# Find a feasible solution with LinearProgramming function?

GROUPS:
 I have got a specific LP optimization problem as attached picture.Given a integer n and $\varepsilon,\ p \in (0,1)$, this is a LP optimization over 2n+3 variables. I am trying to solve this with Mathematica LinearProgramming function. When n is less than 18, everything is fine and it gives an optimal solution. But when n is greater or equal than 19, it gives an warning that "no solution can be found that satisfies the constraint".Apparently, there is feasible solution that $y_i = 0$ and $r_i = p_i$. I believe that Mathematica can handle hundreds of variables without doubt. But why it does not give a solution when n is over 19 in this case? Btw, I have also posted this problem on Stackexchange Mathematica which can be found here (http://mathematica.stackexchange.com/questions/139976/linearprogramming-function-cannot-find-a-feasible-solution).My code is as followed: ClearAll["Global*"]; n = 3; e = 0.01; p = 2/3; u[k_,i_]:=If[k>=i,Binomial[k,i]*2^i,0]; c = Table[u[i,j],{i,0,n},{j,0,n}]; zblock = SparseArray[{},{n+1,n+1}]; zcolum = SparseArray[{},{n+1,1}]; ones = ConstantArray[1,{n+1,1}]; (*Constraints*) c1 = Join[c,zblock,zcolum,2]; c2 = Join[zblock,c,zcolum,2]; c3 = Join[zblock,-c,ones,2]; c4 = {Flatten[Join[SparseArray[{},{1,n+1}],Reverse[c[[n+1]]],{0}]]}; c5 = {Flatten[Join[Reverse[c[[n+1]]],SparseArray[{},{1,n+1}],{0}]]}; c6 = Join[c,-c,zcolum,2]; M = Join[c1,c2,c3,c4,c5,c6]; (*Objective*) ob = Flatten[Join[SparseArray[{},{1,2*(n+1)}],{{1}},2]]; (*Bounds*) b1 = ConstantArray[{0,1},3*(n+1)]; b2 = {{1,0},{e,-1}}; (*b31 = {Table[-Sum[Binomial[k,i]*2^i*(p/2)^(n-i)*(1-p)^i,{i,0,k}],{k,0,n}]};*) (*b31 = {Table[-(p/2)^(n-k)*(2-3*p/2)^k,{k,0,n}]};*) b31 = {Table[-(1/3)^(n-k),{k,0,n}]}; b3 = Join[Transpose[b31],ones,2]; bounds = Join[b1,b2,b3]; bounds[[All,1]] = Total[M[[All,1;;2*n+2]],{2}]+bounds[[All,1]]; ob = SparseArray[ob]; L = LinearProgramming[ob,M,bounds]; ob.L Note: this problem has been solved by replacing e = 0.01 to e = 1/100 as suggested by Mr. Lichtblau.
3 months ago
5 Replies
 Todd Rowland 1 Vote I cannot say for certain what the underlying algorithm is, but it is possible that the numbers in your second argument are too big for it when n=19.For example, even for the small example you gave with n=3, Det[Transpose[M].M] == 4971003904000 
3 months ago
 Thanks for your reply, Todd. Yes, big numbers (coming from Binomial term in the constraints) and small numbers (coming from $p_i$) will show up when n goes to large. If this is the case, is there any better way to handle such problem with extreme numbers?

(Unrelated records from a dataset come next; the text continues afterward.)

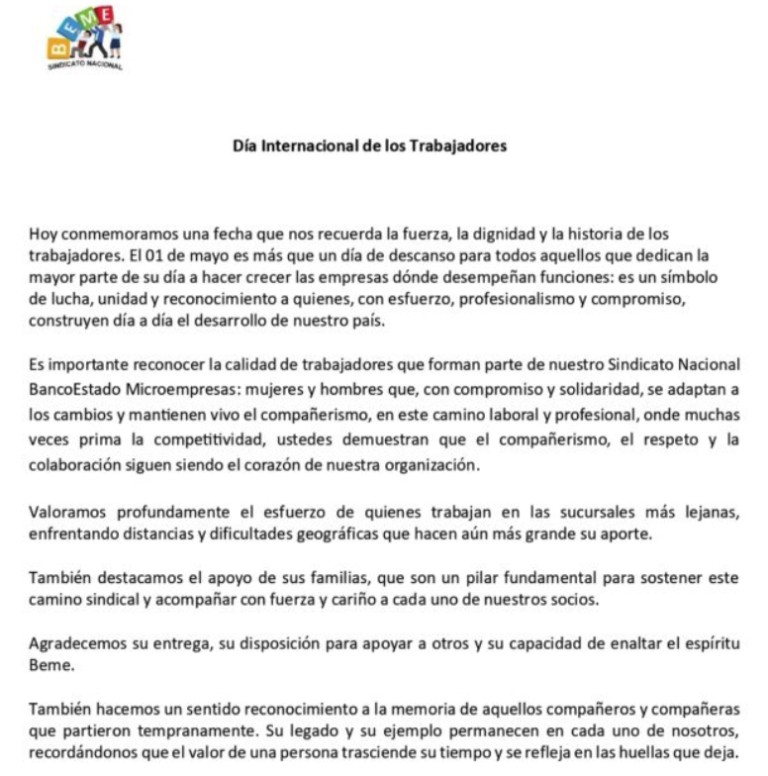 SALUDO DIA INTERNACIONAL DEL TRABAJADOR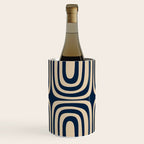 Midcentury Modern Confaab Abstract Pattern in Mid Mod Navy Blue and Beige Wine Chiller Gallery Image 1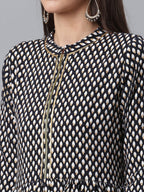Ahalyaa Black & White Printed Tunic | Grocsy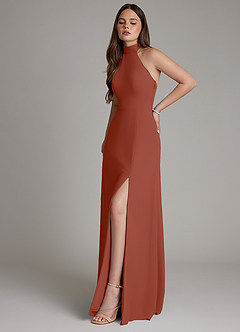 Azazie Myra Vestidos de madrinha de casamento Vestido Castanho Aloirado de Chiffon de Linha A com Pescoço alto image6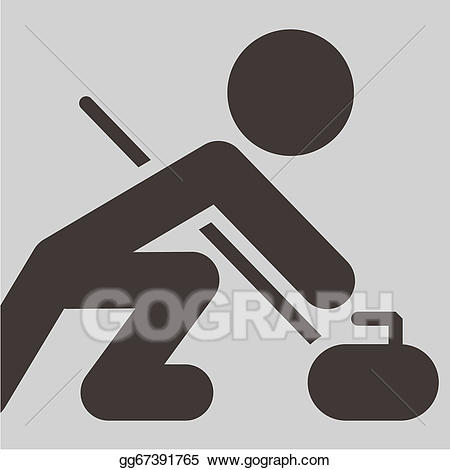 Vector art sport icon. Broom clipart curling rock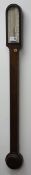 20th century arched top oak stick barometer, register inscribed Davis Leeds,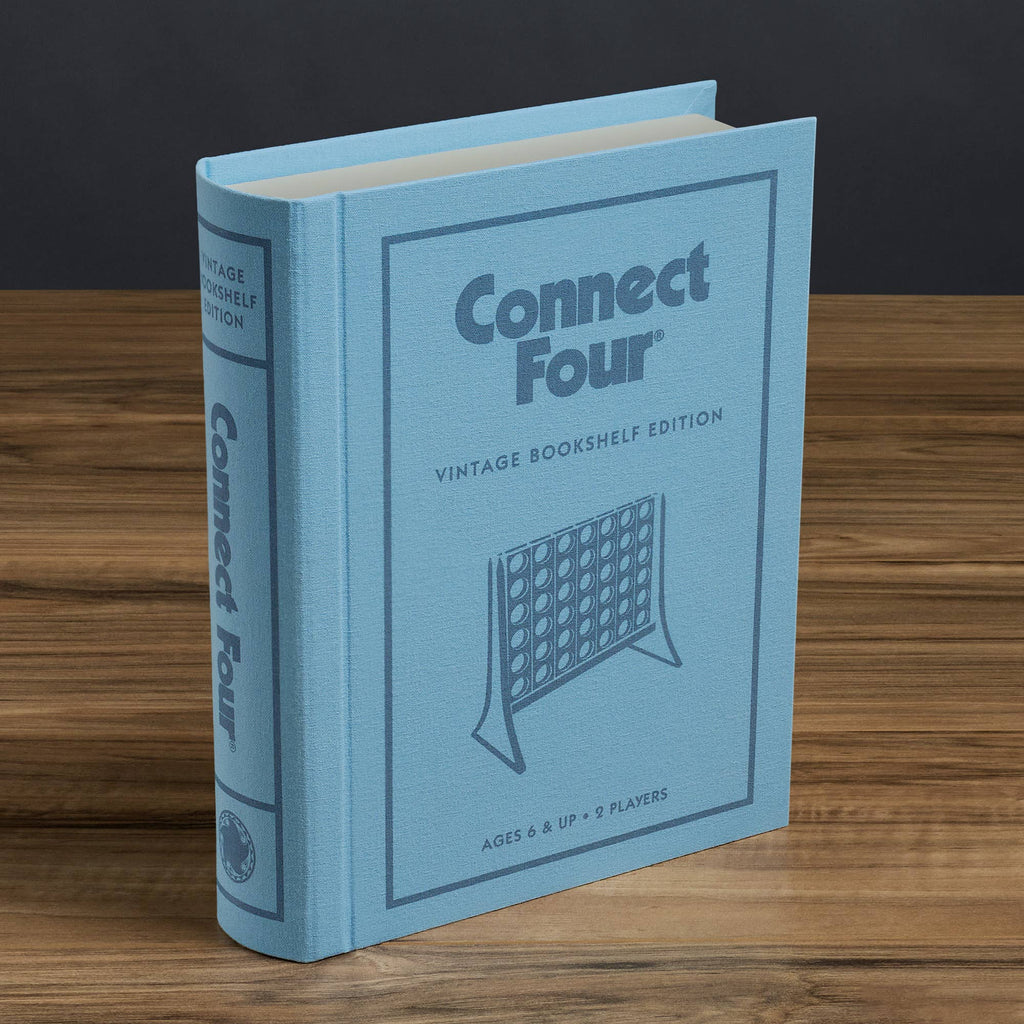 Connect 4 Vintage Bookshelf Board Game Featuring Smart Storage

 According to the documentation, the arguments are supposed to be real numbers. That means Reals in Wolfram Language. If you give it integers or rationals (like your code is doing) the documentation says it tries to give an exact rational result. For example, instead of Binomial[19, 9] 2^19 (*48432676864*) you would use N[Binomial[19, 9] 2^19] (better to just use N on the arguments ob, M) but you'd want to make sure the Precision is high enough. See the documentation for N and try using the Tolerance option for LinearProgramming.
 Daniel Lichtblau 1 Vote If you use e=1/100 this will deliver a result for the case n=19. But there is something unclear about the description. Is this intended as an integer linear programming (ILP) problem? If so, it was not set up quite right since LinearProgramming needs to be told that. (Point of confusion: positing p` is an element of (0,1) seems to mean it lies in the set of two values 0 and 1; if the continuum was intended it should be [0,1].)